Task brief –
Range to repeat from the listing below: the line containing "Barbeque pit chicken" down to the line containing "buyDRproperty Bathroom with", both included. Copy it exactly, pictures excluded, and add nothing else.

Data provided –

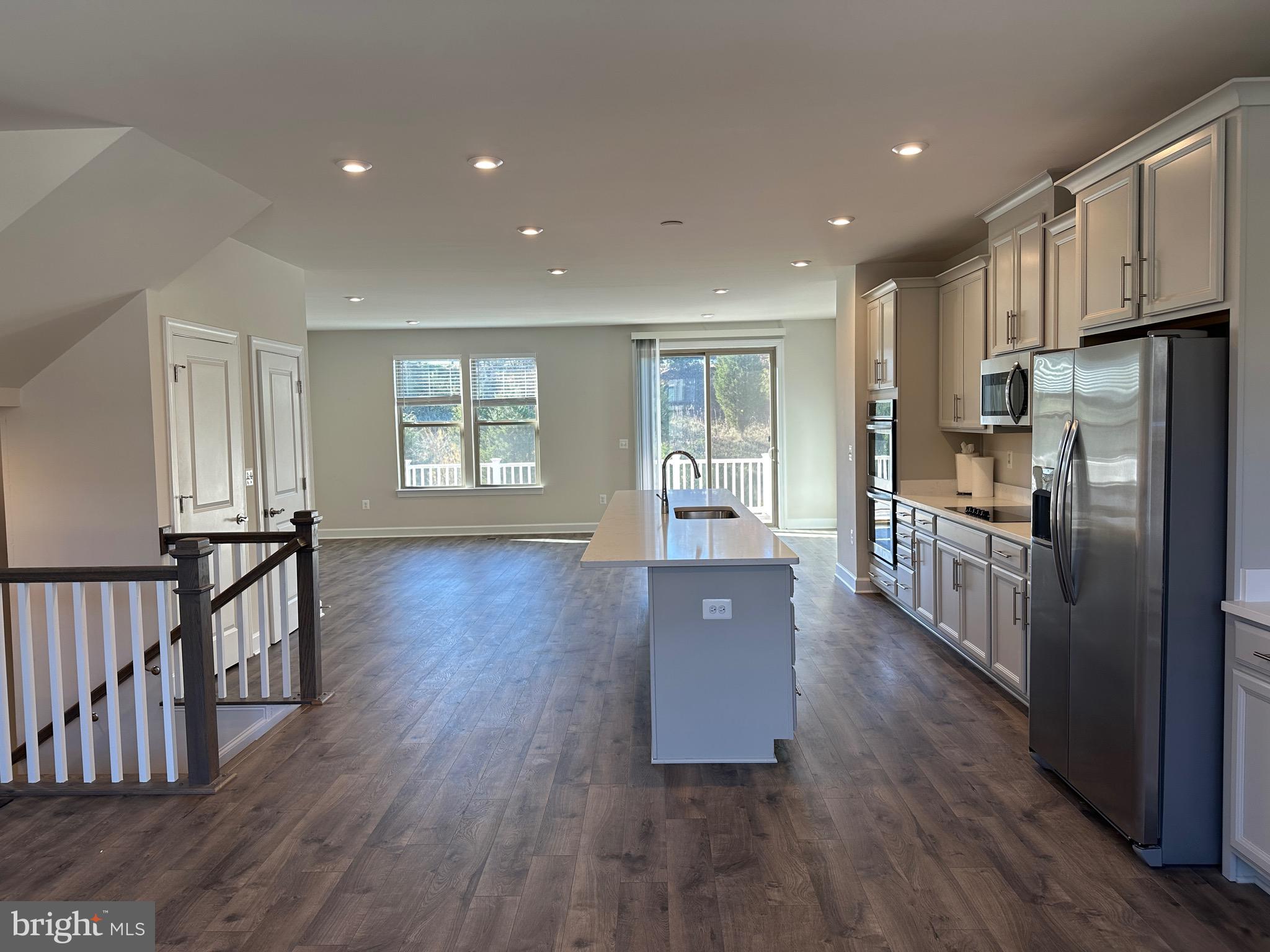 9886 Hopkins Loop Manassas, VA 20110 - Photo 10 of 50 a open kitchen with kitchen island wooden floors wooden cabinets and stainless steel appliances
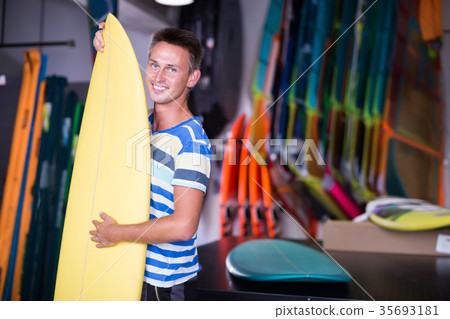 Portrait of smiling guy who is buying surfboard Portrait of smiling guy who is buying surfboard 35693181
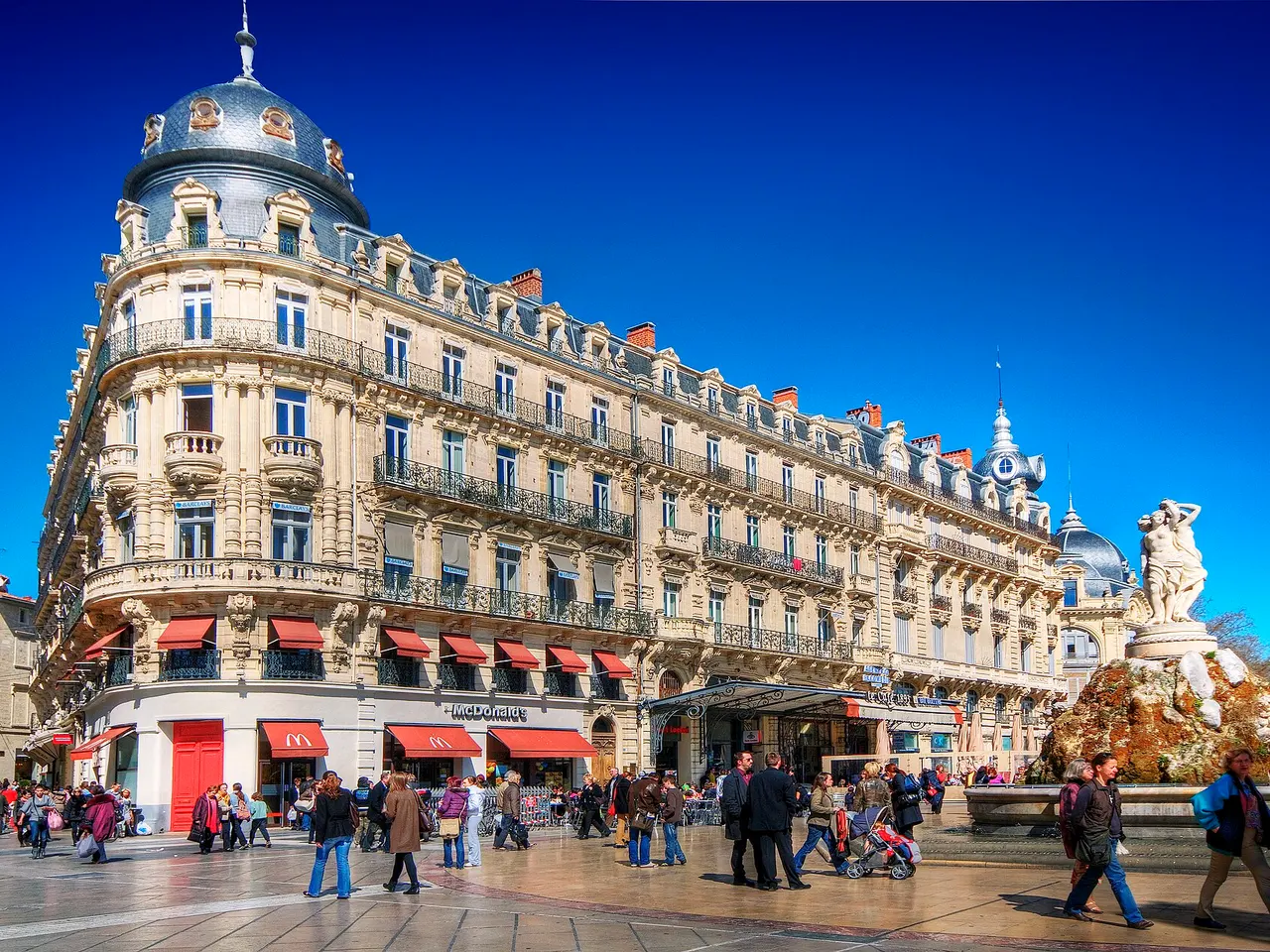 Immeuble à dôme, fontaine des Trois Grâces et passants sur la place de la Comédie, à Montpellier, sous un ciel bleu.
==
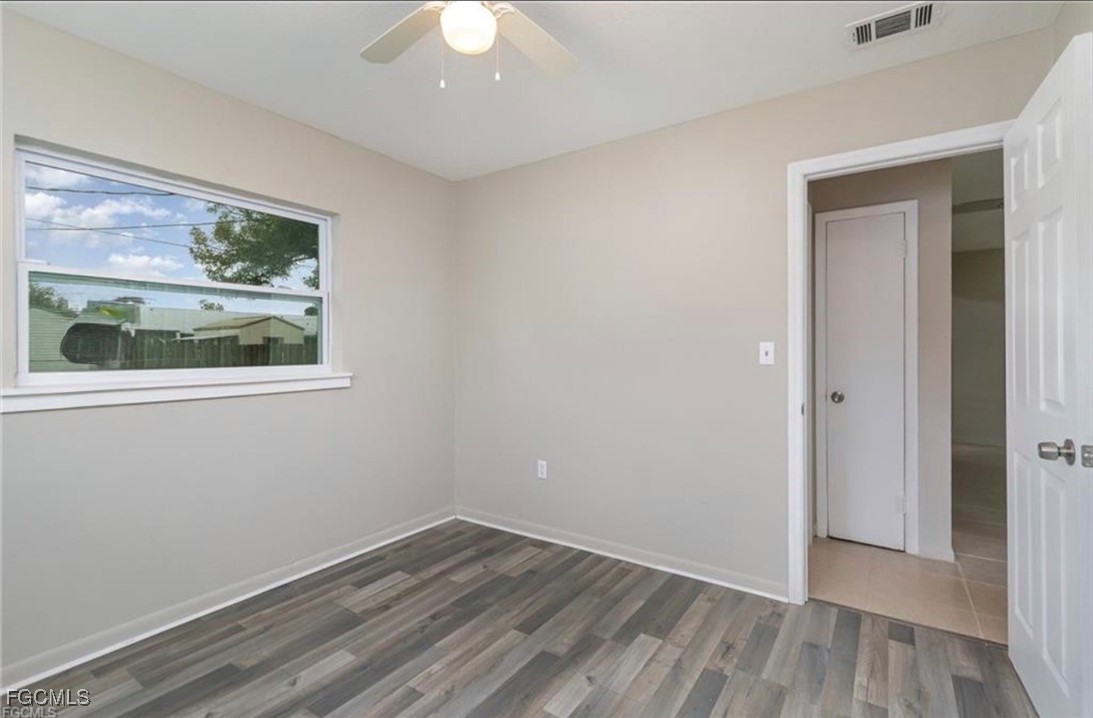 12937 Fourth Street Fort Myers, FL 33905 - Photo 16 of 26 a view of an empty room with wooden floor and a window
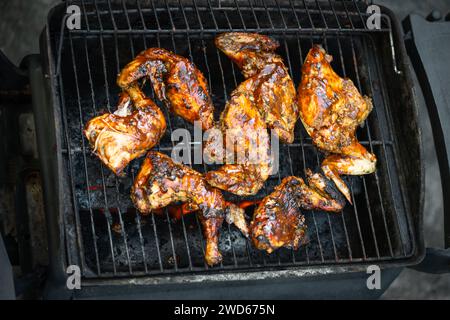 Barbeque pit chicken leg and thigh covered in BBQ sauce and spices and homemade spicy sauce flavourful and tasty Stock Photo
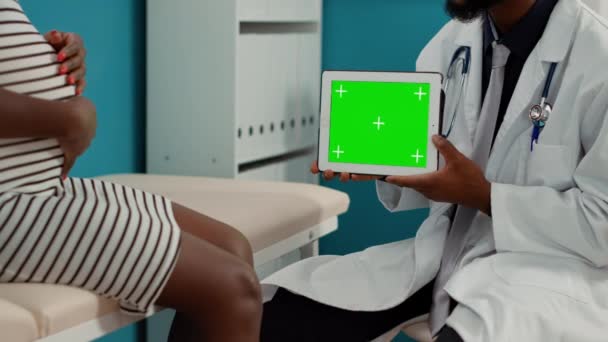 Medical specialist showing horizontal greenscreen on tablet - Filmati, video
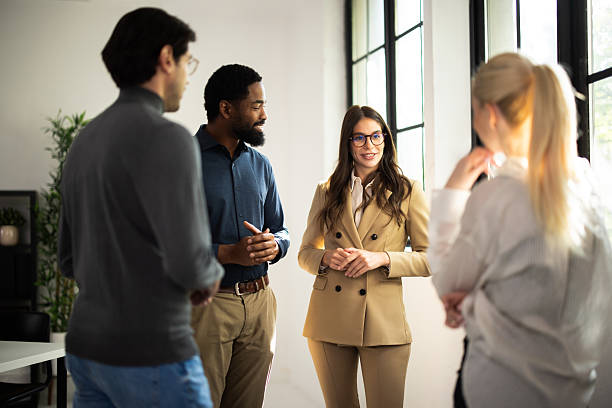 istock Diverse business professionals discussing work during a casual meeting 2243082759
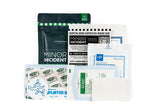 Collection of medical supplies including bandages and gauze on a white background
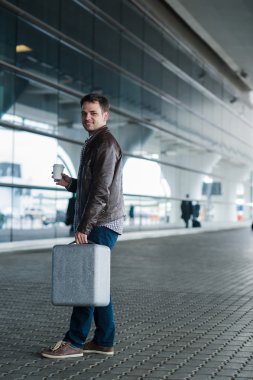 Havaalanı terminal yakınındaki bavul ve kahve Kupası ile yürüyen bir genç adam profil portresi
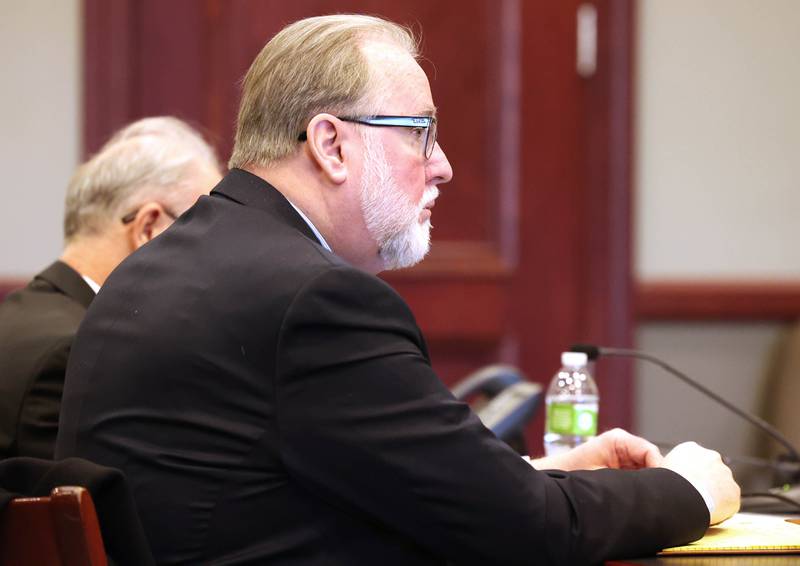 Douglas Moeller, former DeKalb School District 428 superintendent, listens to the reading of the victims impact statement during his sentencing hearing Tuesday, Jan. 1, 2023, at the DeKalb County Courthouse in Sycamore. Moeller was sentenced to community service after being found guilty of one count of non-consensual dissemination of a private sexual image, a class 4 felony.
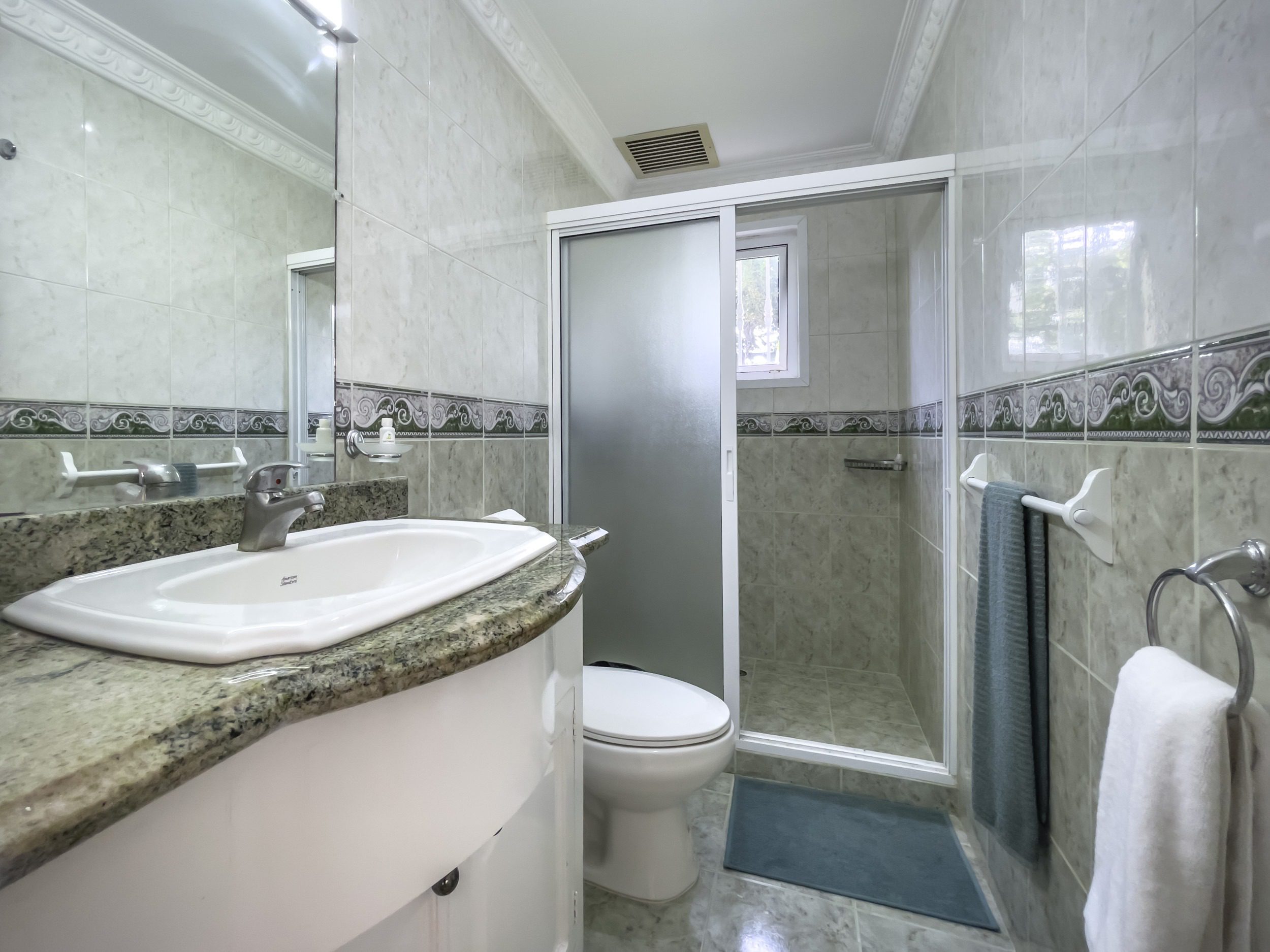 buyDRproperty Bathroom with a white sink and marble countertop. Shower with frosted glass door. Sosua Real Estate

Written solution –
 Barbeque pit chicken leg and thigh covered in BBQ sauce and spices and homemade spicy sauce flavourful and tasty Stock Photo
 Medical specialist showing horizontal greenscreen on tablet - Filmati, video
 istock Diverse business professionals discussing work during a casual meeting 2243082759
 Collection of medical supplies including bandages and gauze on a white background
 Havaalanı terminal yakınındaki bavul ve kahve Kupası ile yürüyen bir genç adam profil portresi
 Douglas Moeller, former DeKalb School District 428 superintendent, listens to the reading of the victims impact statement during his sentencing hearing Tuesday, Jan. 1, 2023, at the DeKalb County Courthouse in Sycamore. Moeller was sentenced to community service after being found guilty of one count of non-consensual dissemination of a private sexual image, a class 4 felony.
 buyDRproperty Bathroom with a white sink and marble countertop. Shower with frosted glass door. Sosua Real Estate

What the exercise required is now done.